Sonntag, 14. Dezember 2025

Holgi und der Grizzly

 

„Holgi“, brüllte Bonetti durch die offene Bürotür.

Eine halbe Sekunde später stand Holgi vor ihm. Roadrunner nix dagegen. Es fehlte nur noch das „Meep-meep“.

Bonetti saß hinter einem völlig überfüllten Schreibtisch und rauchte eine Zigarre.

„Was soll die gequirlte Scheiße mit dem Pflegekräftemangel? Das interessiert kein Schwein.

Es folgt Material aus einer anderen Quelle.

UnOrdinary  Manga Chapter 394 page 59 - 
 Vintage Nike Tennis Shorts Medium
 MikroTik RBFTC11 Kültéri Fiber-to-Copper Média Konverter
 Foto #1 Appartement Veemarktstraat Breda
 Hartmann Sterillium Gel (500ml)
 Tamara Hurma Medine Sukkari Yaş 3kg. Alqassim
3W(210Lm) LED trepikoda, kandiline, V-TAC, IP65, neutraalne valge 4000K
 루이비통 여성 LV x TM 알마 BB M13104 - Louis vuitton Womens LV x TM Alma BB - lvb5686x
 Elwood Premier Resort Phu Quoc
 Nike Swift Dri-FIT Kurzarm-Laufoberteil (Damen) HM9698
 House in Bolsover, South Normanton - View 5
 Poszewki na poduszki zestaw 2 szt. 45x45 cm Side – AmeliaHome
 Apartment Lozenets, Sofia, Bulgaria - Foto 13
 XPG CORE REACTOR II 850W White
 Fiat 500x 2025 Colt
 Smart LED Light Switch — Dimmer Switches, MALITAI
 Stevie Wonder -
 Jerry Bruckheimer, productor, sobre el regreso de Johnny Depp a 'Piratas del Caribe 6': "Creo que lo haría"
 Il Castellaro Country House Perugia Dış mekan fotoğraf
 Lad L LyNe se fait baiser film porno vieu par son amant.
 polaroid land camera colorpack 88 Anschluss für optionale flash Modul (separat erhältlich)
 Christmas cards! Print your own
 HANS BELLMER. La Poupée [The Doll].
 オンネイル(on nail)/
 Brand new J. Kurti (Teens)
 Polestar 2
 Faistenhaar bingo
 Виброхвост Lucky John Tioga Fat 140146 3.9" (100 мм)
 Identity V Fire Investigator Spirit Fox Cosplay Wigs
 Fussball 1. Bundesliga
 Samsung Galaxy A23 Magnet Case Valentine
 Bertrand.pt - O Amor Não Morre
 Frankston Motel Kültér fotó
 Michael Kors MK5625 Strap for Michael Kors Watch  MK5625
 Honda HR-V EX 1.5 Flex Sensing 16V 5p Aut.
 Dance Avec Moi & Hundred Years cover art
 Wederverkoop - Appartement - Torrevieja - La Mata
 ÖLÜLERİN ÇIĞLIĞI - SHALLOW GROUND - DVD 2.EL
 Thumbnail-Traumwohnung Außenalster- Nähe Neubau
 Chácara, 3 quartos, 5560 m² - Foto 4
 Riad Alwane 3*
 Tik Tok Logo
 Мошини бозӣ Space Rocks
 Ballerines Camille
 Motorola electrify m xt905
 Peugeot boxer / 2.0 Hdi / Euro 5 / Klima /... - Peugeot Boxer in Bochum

Wir stehen in direkter Konkurrenz zu Social Media, Nius, BILD und der AfD. Ich brauche eine gute Story.“

„Irgendwas mit Außerirdischen?“

„Das macht schon Pralinski. Zwei Crackheads entführen einen Alien und penetrieren ihn mit einer Analsonde.“

„Haben Sie vielleicht was für mich?“

„Witzbold. Aber irgendwo in meinen Unterlagen habe ich tatsächlich eine gute Story. In einem Wald in Brandenburg wurde ein Grizzlybär gesichtet. Denken Sie sich was aus, wie er überwältigt wurde.“

„Von der Feuerwehr?“

„Das reicht nicht. Ein achtjähriges Mädchen. Vielleicht mit Holzbein. David gegen Goliath, verstehen Sie? Dramatik. Am Ende ein Bärenfell an der Wand eines Waisenhauses. So was in der Art.“

„Soll ich mir einfach was ausdenken?“

„Nein, so würde ich das nicht formulieren. Aber ein bisschen mehr Spannung würde nicht schaden. Regen Sie die Phantasie des Lesers an. Sie schreiben für die Midnight Sun. Hier sind die Unterlagen. Und jetzt verschwinden Sie!“

Als erstes rief Holgi beim Uckermark Observer an. Nein, es gäbe keine Fotos des Grizzlys. Womöglich hätten die Wanderer auch nur einen streunenden Hund gesehen. Holgi brauchte aber mindestens zwei Fotos für seinen Artikel. Also lud er sich das Bild eines ausgewachsenen Kodiakbären, der aufrecht stand und brüllte, aus dem Netz herunter. Das Mädchen ließ er von der KI entwerfen und nannte es Mafalda Fußbroich, ein Name, den es laut Netzrecherche nicht gab. Auch das Hans-Fallada-Heim für Waisen und Problemkinder war schnell erfunden.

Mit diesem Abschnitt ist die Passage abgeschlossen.